No one exam can cover all of these topics, but the course as a whole has addressed each and every one of them (and more!). The most important will be formatted like this.

  1. Python Syntax
    1. Source Files and Modules
      1. How would I explain the concept of a module in my own words?
      2. How does a Python module relate to a Python source file?
      3. How does Python know what code to execute when I run Python?
      4. How do I access functions or data types defined in a module?
      5. When should I use import and when should I use from ... import ...?
      6. When writing my own programs, when should I take some of my code and move it out into a module?
      7. How are modules like numpy or pygame different from math and turtle?
    2. Variables
      1. How would I explain the concept of a variable in my own words?
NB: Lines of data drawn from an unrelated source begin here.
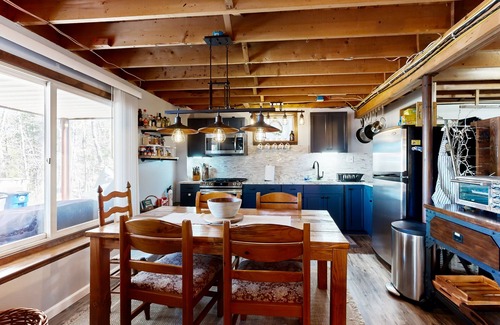 New Durham Casa | Waterside retreat with streaming, grill, open layout, full kitchen, & W/D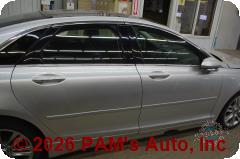 Vehicle photo 3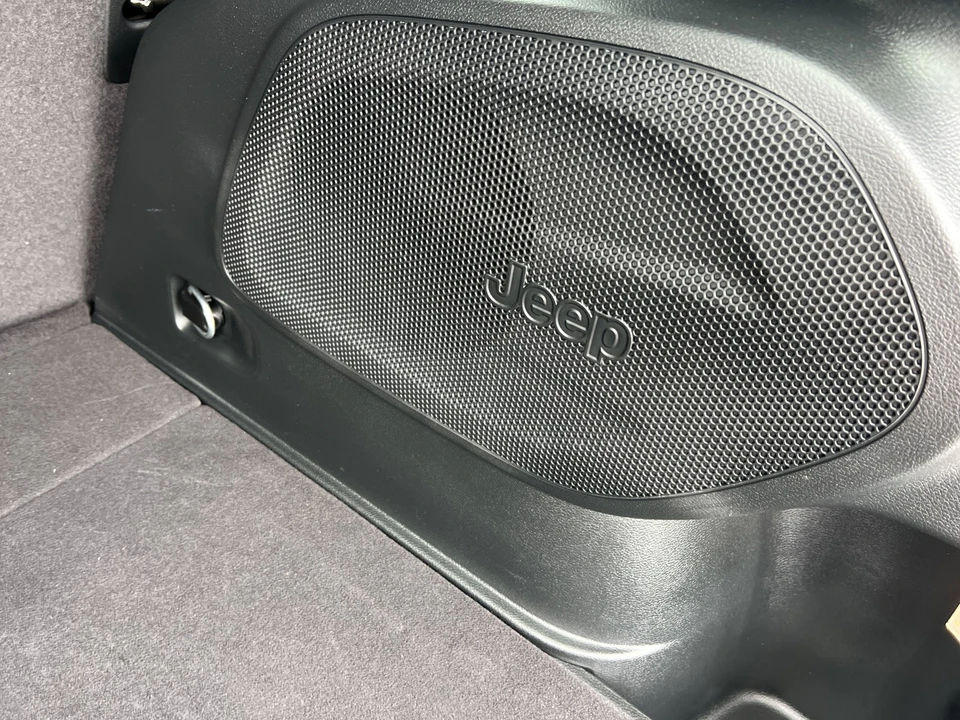 2022 Jeep KL Cherokee - Image 12 of 31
      2. If I assign one variable to another (e.g., x = y), what would happen if I later changed the original variable (e.g., y = z, or y.change())?
        1. When do I need to copy a piece of data when assigning it to a variable?
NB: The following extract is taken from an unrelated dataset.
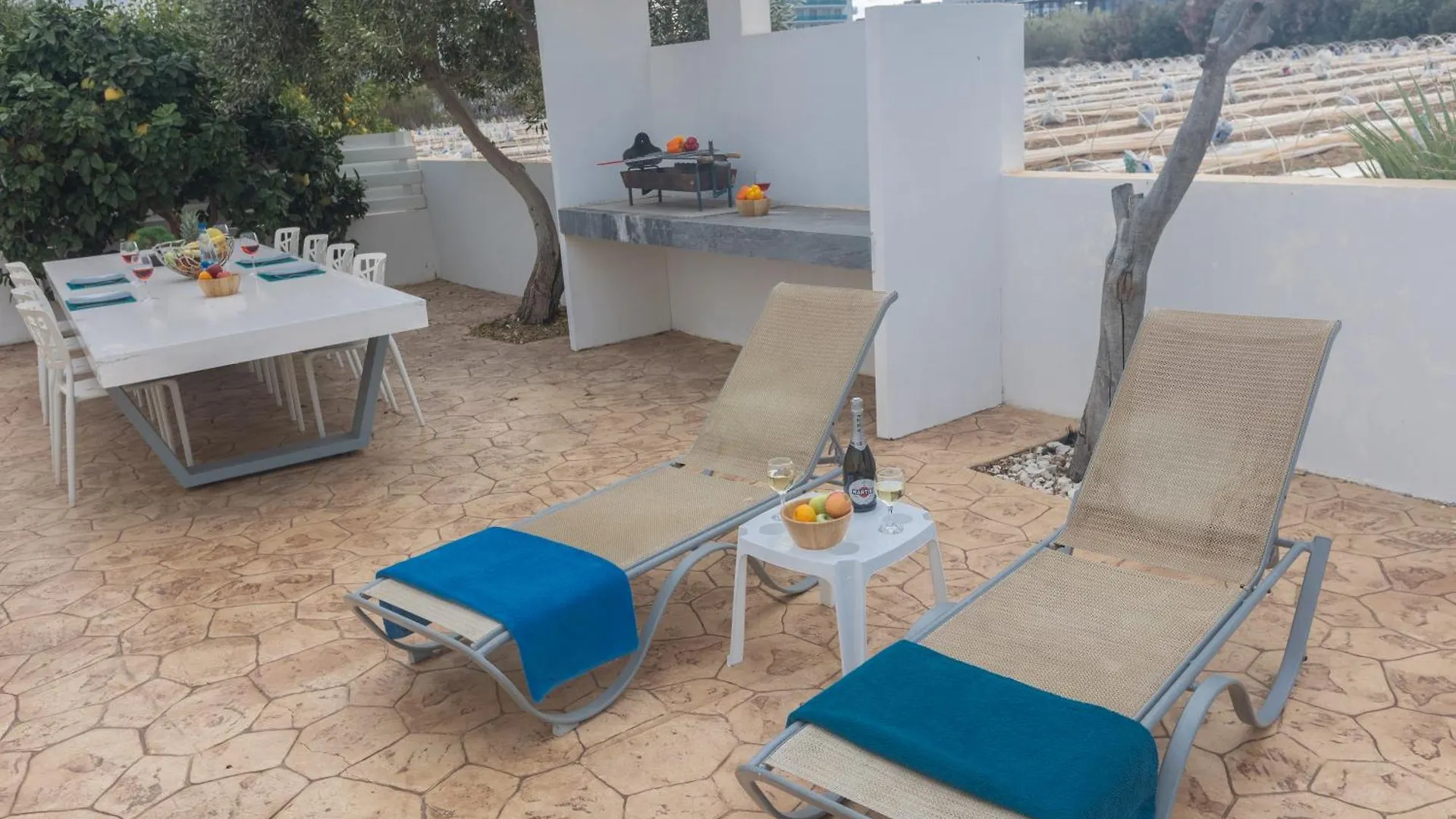 הוילה פרוטאראס Blue Crystal Seaview וילה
      3. What are some similarities and differences between variables and function parameters?
    3. Data types
      1. What are the fundamental scalar (non-sequence, non-collection) data types in Python?
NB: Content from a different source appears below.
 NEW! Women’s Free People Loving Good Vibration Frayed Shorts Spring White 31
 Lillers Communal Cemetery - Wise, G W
        1. What are some of the operations I can perform on each of these types?
      2. What are the main sequence data types used in Python?
        1. What are some of the operations I can perform on each of these types?
      3. What are some ways in which strings and lists are different?
      4. What are some ways in which tuples and lists are different?
      5. How would I change the list stored in a list variable?
      6. How would I change the string stored in a string variable?
      7. How can I build a list or a string a little bit at a time?
      8. Can I give examples of cases where I would prefer to use either a tuple or a list to store some sequential data in Python?
      9. How do dictionaries differ from lists and other sequence types?
      10. What are some key properties maintained by a dictionary when we store lots of key-value pairs over time?
      11. Why would I choose to use a dictionary instead of a list of (key, value) tuples?
      12. What does in do in Python? How does it differ for different data types?
    4. Classes
      1. What is the difference between a class and an object?
      2. What are some examples of classes in Python?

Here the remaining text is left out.